Une installation symbolique dans la cour du Belvédère

Le pape Jules II, grand amateur d’antiquité, l’installa au Vatican dés 1509, puis dans la cour du Belvédère vers 1511. L’aménagement de celle-ci confié à Donato Bramante à partir de 1506 connectait le palais du Vatican à la villa du Belvédère par une série de terrasses. Dès 1503, Jules II amassa une immense collection de sculptures antiques dont le Laocoon et ses fils et le Torse du Belvédère. Il les plaça dans des niches donnant sur la cour. La gravure à l’eau forte de Marc-Antonio Raimondi (1474-1534) du Metropolitan Museum of Arts à New-York en 1530-1534 et celle sur cuivre d’Antonio Lafreri à la Bibliothèque nationale de France en 1550-1552 en apportent la preuve et donnent l’image de la figure de l’Apollon lors de sa découverte. Toute une symbolique liée à la présence de cette statuaire fut orchestrée par Jules II. Le palais du Belvédère est implanté sur la colline du Vatican, l’endroit, selon le Liber Pontificalis, (2) où aurait été crucifié saint Pierre. Au vers 33 du poème l’Antiquaria Varia Urbis, Andreas Fulvius indiquait qu’en ce lieu un sanctuaire était dédié au dieu Apollon :  « Vaticanus apex, Phoebo sacratus, ubi olim auguria hetrusci vates captare solebant ». L’empereur Constantin y érigea sous le pape Silvestre I (314-355) une basilique consacrée à saint Pierre. Elle gardait le sarcophage où reposait le corps du Saint. En replaçant cette statue d’Apollon dans la cour du Belvédère le souverain pontife donna une expression visuelle à cette tradition. Sa commande à Raphaël de la fresque d’Apollon au Parnasse dans les Stanze di Raffaelo au palais du Vatican participe de cette même symbolique. En concevant un jardin arboré entouré de statues antiques, il recréa l’antique viridarium. En 1532-1533, à la demande du pape Clément VII, l’Apollon subit une restauration. A l’époque il importait de rétablir les manques. Le sculpteur Giovanni Agnolo Montorsoli (1507-1563), compagnon de Michel-Ange, ajouta la main gauche, modifia l’avant-bras droit avec une main ouverte détournée du corps, et allongea le support pour que la main droite puisse s’y appuyer (cette main était attachée à l’origine à la cuisse supérieure, comme le prouvent les puntello survivants).

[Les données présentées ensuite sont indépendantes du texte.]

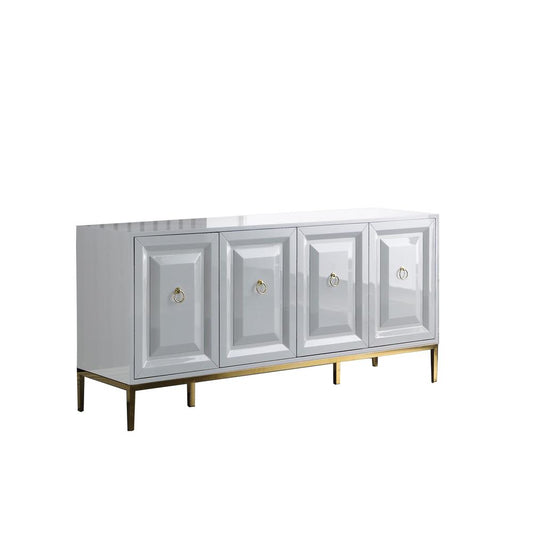 Best Master Furniture Sujay 65" Modern Wood Sideboard with Gold Accents in White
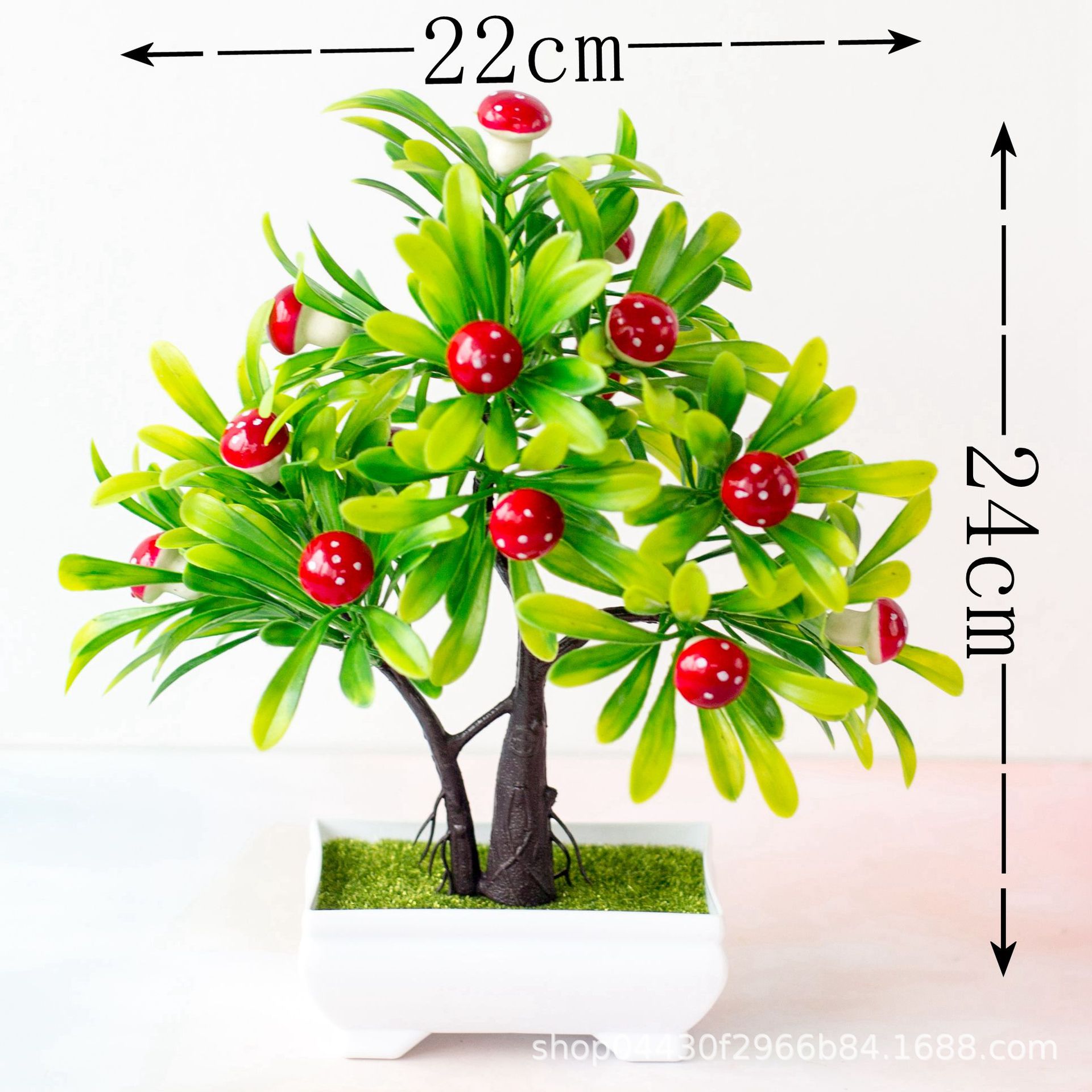 Kunstige planter bonsai simulering plast appelsin frugttræ potteplante potte ornamenter til hjemmet have hotel fest indretning: 16 hoved rød champignon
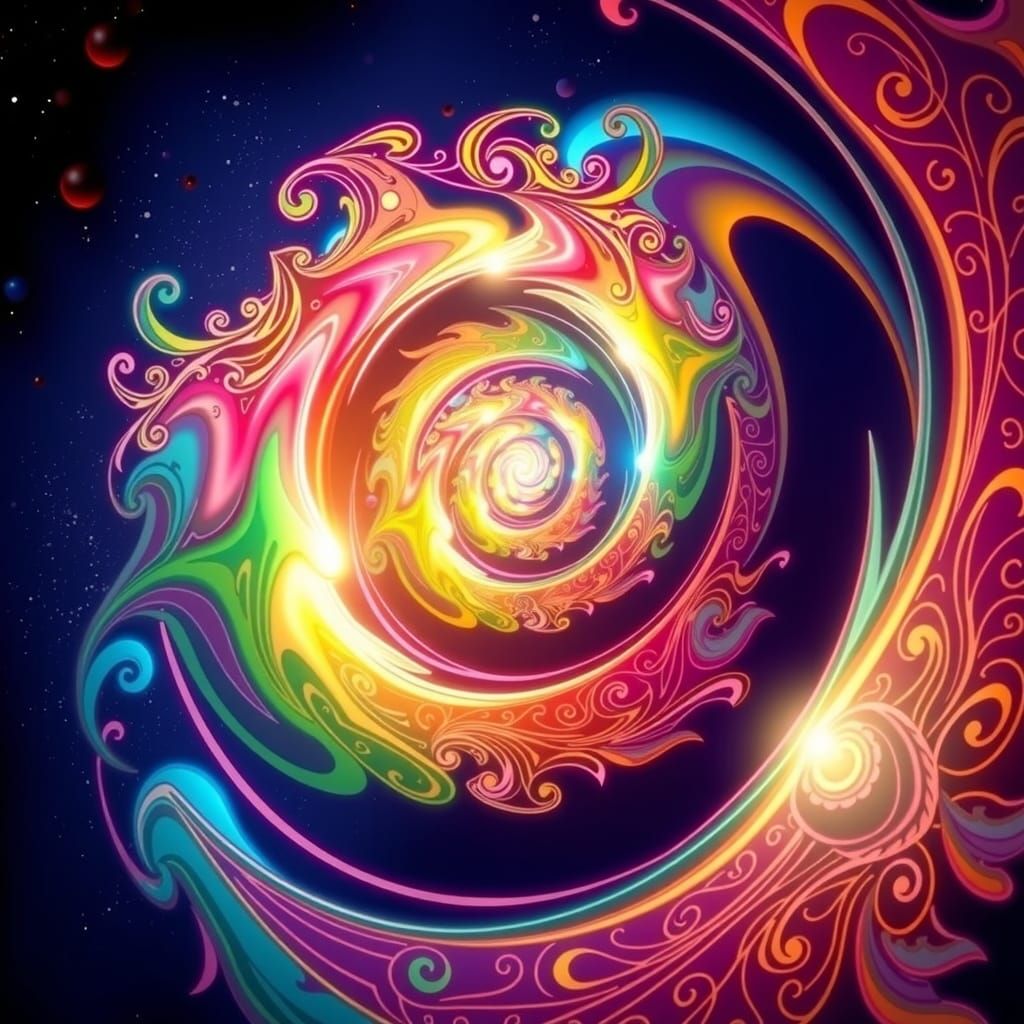 Vibrant Cosmic Vortex in Art Nouveau Style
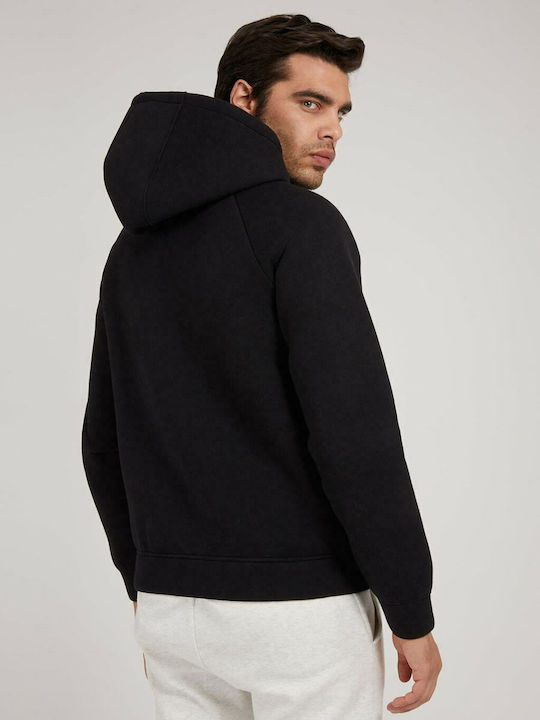 Guess Men's Sweatshirt Jacket with Hood and Pockets Black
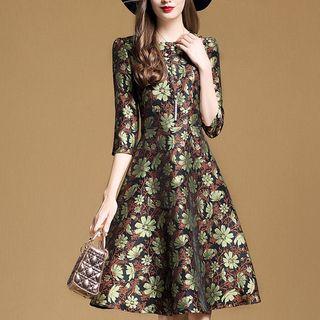 Floral Jacquard 3/4-sleeve A-line Dress
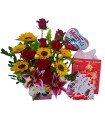 Canasta de flores y chocolates
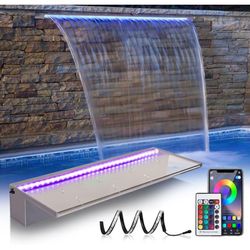 PONDO 24" APP Pool Waterfall with 16 Colors LED Lights, Acrylic Pond Fountain Set for Outdoor Decorations, Patio Waterfall Spillway Kit on The Wall fo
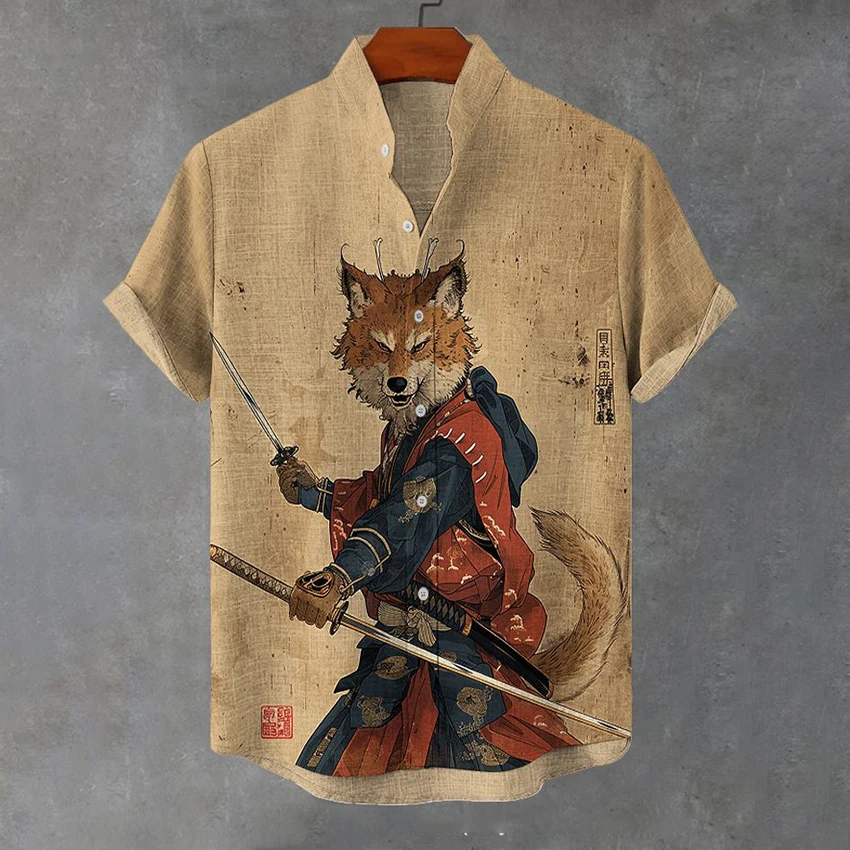 

New anime samurai style standing collar men's short sleeved shirt fashion casual loose T-shirt bamboo linen shirt top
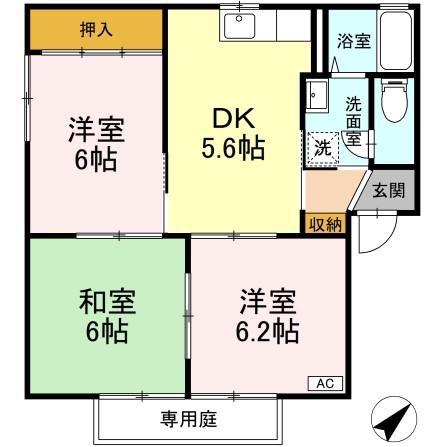 レーベンパレスA棟(3DK/1階)の間取り写真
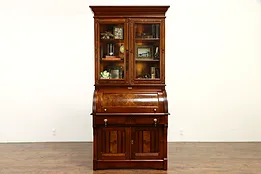 Victorian Eastlake 1880 Antique Walnut Roll Top Secretary Desk & Bookcase #35398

Ces modifications furent gravées et dessinées sans commentaire jusqu’au XIXe siècle. En 1924-1925 Guido Galli lui redonna son aspect primitif. Depuis 1981, l’Apollon est à nouveau autoportant et la pause ajustée avec précision : la statue penche maintenant au niveau de la tête de 50 mm environ. Quelques semaines après son élection en 1566, le pape Pie V annonça que la collection des sculptures de la cour du Belvédère allait être dispersée, « Il ne convenait pas au successeur de saint Pierre de conserver chez soi de telles idoles ». A sa mort en 1572, pas une statue jugée de premier ordre n’avait quitté la cité. Caché par des volets de bois en raison de sa nudité « indécente » l’Apollon resta en place jusqu’au traité de Tolentino en 1798.

Depuis sa « redécouverte » à la fin du XVe siècle jusqu’en 1850 : une des plus merveilleuses sculptures du monde, une « beauté idéale »

L’Apollon du Belvédère considéré comme une statue antique grecque originale fut admiré pendant trois siècles. La seconde description du savant allemand, Johann Joachim Winckelmann (1717-1768) montre l’engouement provoqué par cette œuvre : « de toutes les statues antiques qui ont échappé à la fureur des barbares et à la main destructrice du temps, la statue d’Apollon est sans contredit la plus sublime. On dirait que l’artiste a composé une figure purement idéale […] Son attitude annonce la grandeur divine qui le remplit […] Dans les traits de l’Apollon du Belvédère, on trouve les beautés individuelles de toutes les autres divinités réunies […]. Pour le poète, écrivain et théoricien de l’esthétique allemand Johann Christoph Friedrich Schiller « aucun mortel ne peut décrire ce mélange céleste d’accessibilité et de sévérité, de bienveillance et de gravité, de majesté et de douceur ». Le peintre Raphaël Mengs (1728-1779), le premier, émit des doutes. Avant sa mort, il affirma que l’Apollon était une copie romaine faite d’un marbre italien, en total désaccord avec le célèbre antiquaire romain Enrio Quirino Visconti. Après dix ans d’âpres échanges, le géologue et minéralogiste Déodat de Gratet de Dolomieu (1750-1801) trancha en faveur de l’Italie. Le sculpteur et dessinateur anglais, grande figure du néoclassicisme britannique, John Flaxman « était certain qu’il s’agissait d’une copie, au contraire du Thésée du Parthénon ». Pour Henry Mathews membre du King’s College de Cambridge dans son journal The diary of an Invalid « le style de finition n’a certainement pas l’air d’un original ». A la fin de la première moitié du XIXe siècle l’affaire était entendue : le « soupçon » que cette œuvre soit une copie se « chuchote si fort que tout le monde peut l’entendre ». Le 14 décembre 1795, le même John Flaxman affirmait qu’il s’agissait « d’une copie en marbre d’un original de bronze […] les plis du devant de la statue sont probablement une exacte imitation de l’original et ne correspondent pas à ceux de l’autre face ». Il restait à en découvrir l’auteur.

Christian Zicarelli

Eva Mesko, étudiante en Master 2 Histoire de l’Art, Paris IV La Sorbonne.

(1) Le codex Escurialensis arriva en Espagne vers 1509-1510. Daté habituellement de 1491 (fol. 50v.) il servit de source mythologique et d’ornement architectural lors de la construction du château de la Calahorra (Sierra Nevada) de 1508 à 1509 par le marquis Don Rodrigo Vivar y Mendosa (il se trouvait à Rome de 1506 à 1508).
(2) Chronologie des papes du IVe au XIe siècles.